Carefully controlled brush-stroking on hairy skin yields a somatosensory ERP that is velocity-tuned for pleasantness (inverted-U peaking in the CT range): a contralateral negativity ~400 ms after onset and later components that scale with perceptual affect [67]. Beyond time-locked ERPs, CT-optimal stroking modulates ongoing oscillations—relative α and higher bands—demonstrating that affective touch is captured in EEG as both evoked and induced activity, not merely subjective ratings [68]. Vicarious (observed) CT-optimal stroking recruits the posterior insula as well, tying the “affective” code to the interoceptive cortex even when touch is seen rather than felt [69]. These features provide a mechanistic context for massage protocols: slow strokes should elicit SI/SII ERPs and induce α/beta organization consistent with relaxed, low-threat processing.

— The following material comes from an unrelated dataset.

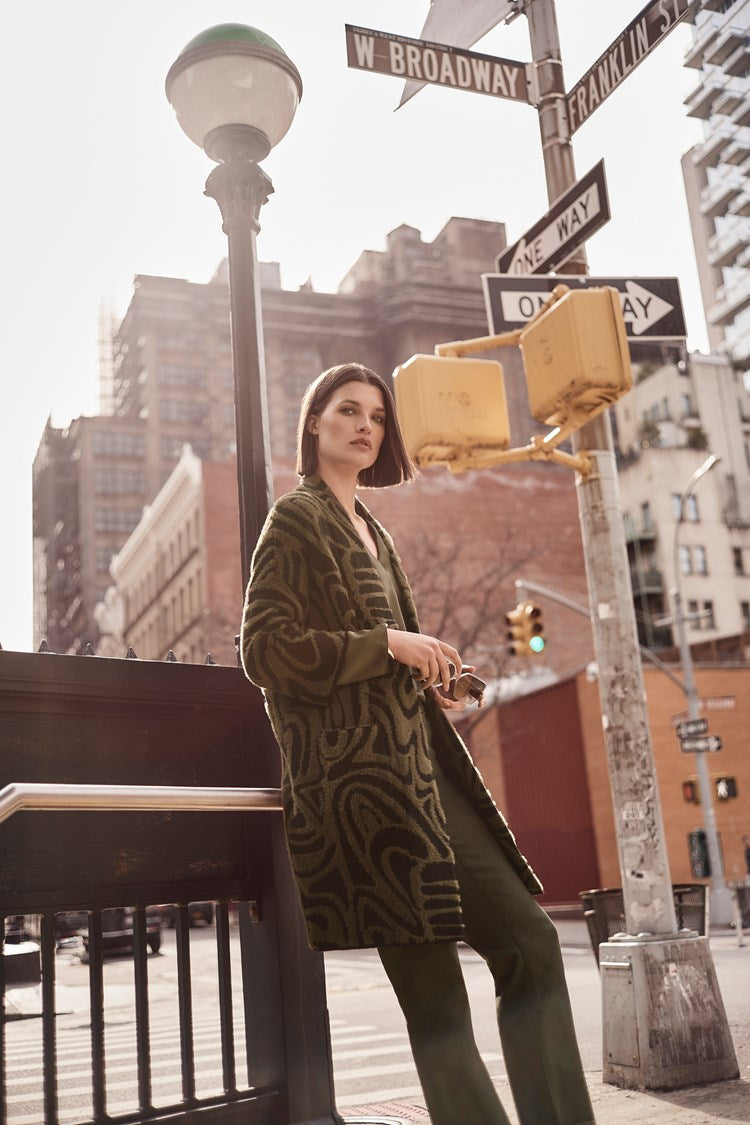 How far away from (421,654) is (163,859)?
1245 mm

The heartbeat-evoked potential indexes interoceptive state and attention. HEP amplitude increases when participants attend to cardiac sensations and subjectively report interoceptive changes; respiration gates this effect (larger during exhalation), revealing a tight link among breathing, cardiac signals, and cortical interoception [70,71]. Meta-analytic work confirms HEP as a convergent EEG marker of interoception across manipulations and tasks [72]. Causally, modulating the human insula with non-invasive focused ultrasound shifts HEP, underscoring the insula’s role as a driver of interoceptive EEG responses [73]. Interoceptive inference accounts further show HEP changes following expected vs. unexpected emotional stimuli, linking visceral predictions, emotion, and EEG [74]. Given massage’s CT-heavy input and respiration slowing, this literature predicts post-massage HEP enhancement (especially during exhalation) alongside α-dominant, low-arousal spectra.

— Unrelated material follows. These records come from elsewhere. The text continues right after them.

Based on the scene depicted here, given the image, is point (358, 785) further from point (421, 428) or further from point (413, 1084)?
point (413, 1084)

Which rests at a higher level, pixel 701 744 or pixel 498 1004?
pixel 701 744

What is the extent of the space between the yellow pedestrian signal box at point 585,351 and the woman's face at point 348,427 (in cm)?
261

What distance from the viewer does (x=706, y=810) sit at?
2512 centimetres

FAA is a well-validated cortical proxy for approach–avoidance motivation [75]. Exogenous oxytocin—an endocrine hallmark of affiliative touch [76]—increases left-sided FAA during live eye contact, consistent with heightened approach/positive affect [77]. Massage studies frequently report leftward FAA shifts; the oxytocin→FAA linkage in independent EEG work strengthens the interpretation that affective touch engages pro-social approach systems rather than mere quiescence. Converging fMRI/behavioral reviews of moderate-pressure massage show engagement of the hypothalamus, amygdala, and ACC (endocrine/autonomic regulators), providing an anatomical substrate for the observed FAA and α effects [78].
Interpersonal touch (e.g., handholding) yields EEG inter-brain coupling that scales with analgesia—an objective marker that social touch coordinates brain states and reduces pain [79]. Replications with hyperscanning extend this to relationship context and alpha-band synchrony dynamics, reinforcing that affective touch shapes single-brain rhythms and dyadic regulation [80]. This helps explain why therapist-delivered massage, rich in social-affective cues, often produces stronger relaxation/analgesia signatures than purely mechanical stimulation.
Across non-massage EEG paradigms, (i) CT-optimal stroking evokes velocity-tuned somatosensory ERPs and reorganizes α/μ rhythms; (ii) HEP indexes interoceptive attention/state and is insula-dependent; (iii) oxytocinergic engagement shifts FAA leftward; and (iv) interpersonal touch synchronizes brains and attenuates pain. These findings provide a principled account of massage EEG: CT-rich, socially safe contact drives interoceptive–limbic circuits (insula/ACC/hypothalamus), elevates oxytocin and vagal tone, and yields a calm-alert cortical state (posterior/insula-linked α sources, β/γ downshift, leftward FAA) that supports analgesia and positive affect.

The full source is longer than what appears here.